"Delivering uncommon results in software culture"

Vanity Metrics: Is There Real Value In What You’re Doing?

Post written by Brett GibsonCEO at SilverFern Software

There’s a wonderful old church across the road from me that is celebrating 100 years this year. It has a modest old world stone composition that I never tire of seeing, and a single bell that rings on irregular occasions with the sort of pure tone you might hear in a small Swiss village.

By contrast, just 2 blocks west, a bigger, gaudier institution has a mechanized bell that discharges a rapid, 10 minute series of randomly programmed electronic songs whenever they can.

Someone, somewhere, at sometime decided that this gimmick was so novel to them that they wanted to broadcast their love for it to a six block radius every Sunday at 9:15 a.m. followed by an "encore" performance at 11:15 a.m. To me, it’s right up there with the recently uninvited installation of a fire-hydrant that litters the edge of my property….a virtual "WELCOME" sign for neighborhood dogs.

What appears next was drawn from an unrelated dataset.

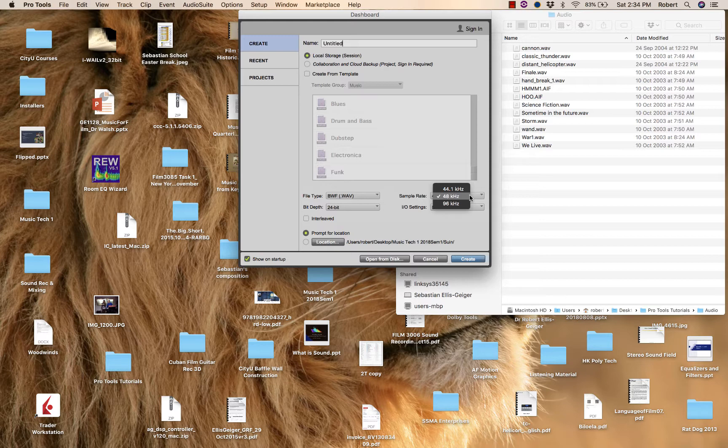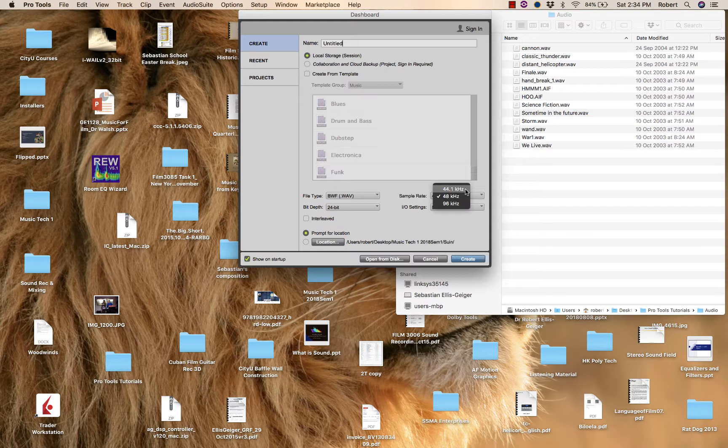Sample rate: film projects, video projects should be 48 kilohertz or multiples of 48. Music production projects, 44.1 or multiples of 44.1 kilohertz.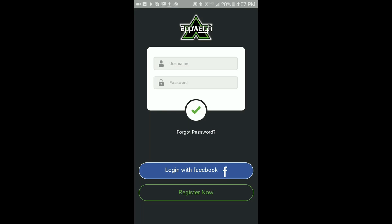For the purpose of this video, I will press the Register Now button to create a new AppWay account and log in to the AppWay app.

It’s vain to presuppose that others will share your love of something. Like smoking, it’s arrogant to assume that others will derive your same pleasure while inflicting your exhalent upon them. It’s that solid line between sharing and imposing.

So why do I share some of my day-to-day observations with you and what does it have to do with business? 

There are countless entrepreneurs who make this same mistake – “If I build it, they will come.” There are programmers who do too – writing unnecessary code and features that only a mother could love. If I like it, surely others will too…

In fact, this sort of narcissism in the Entrepreneurial and Technology realms now has a name. Eric Reis, author of “The Lean Startup” calls it vanity metrics. Yes – business and IT both at times suffer this same cultural dysfunction which demands unapologetically, “Well if I like it, surely everyone else will too.” In social situations, the equivalent might be “Do you mind if I…?”

In business and IT, the question should be “I wonder if there is true value in what I’m doing? Perhaps I should test my idea out a little bit…on other people.”

But then what? Listen to the feedback. Don’t ignore it. Don’t believe that you and only you know best. Don’t impose your theory and expect positive acceptance biding time with denial. Act on that information sensibly and with honest humility. In business – as in life, the results obtained from listening are always better.

About the Author
I’ve had the good fortune to travel and work internationally. I’ve also had the good fortune to have grown up in New Zealand and have lived the American “immigrant experience” for more than half of my life. I’ve also had an unorthodox musical journey that led me to and kept me in Kansas City. Music, IT and travel became partners along the way helping me appreciate multiple worldviews and the concepts of cross-disciplinary approaches to life and work. My non-conventional experiences reflect my meanderings about this interesting occupational field. The beauty of having been in IT for 30 years is that our solutions become predictably cyclic while our problems remain the same. Culture is a topic I’m rather obsessive about. I firmly believe that it will help to usher in a renaissance in American business – oddly enough in the hands of IT.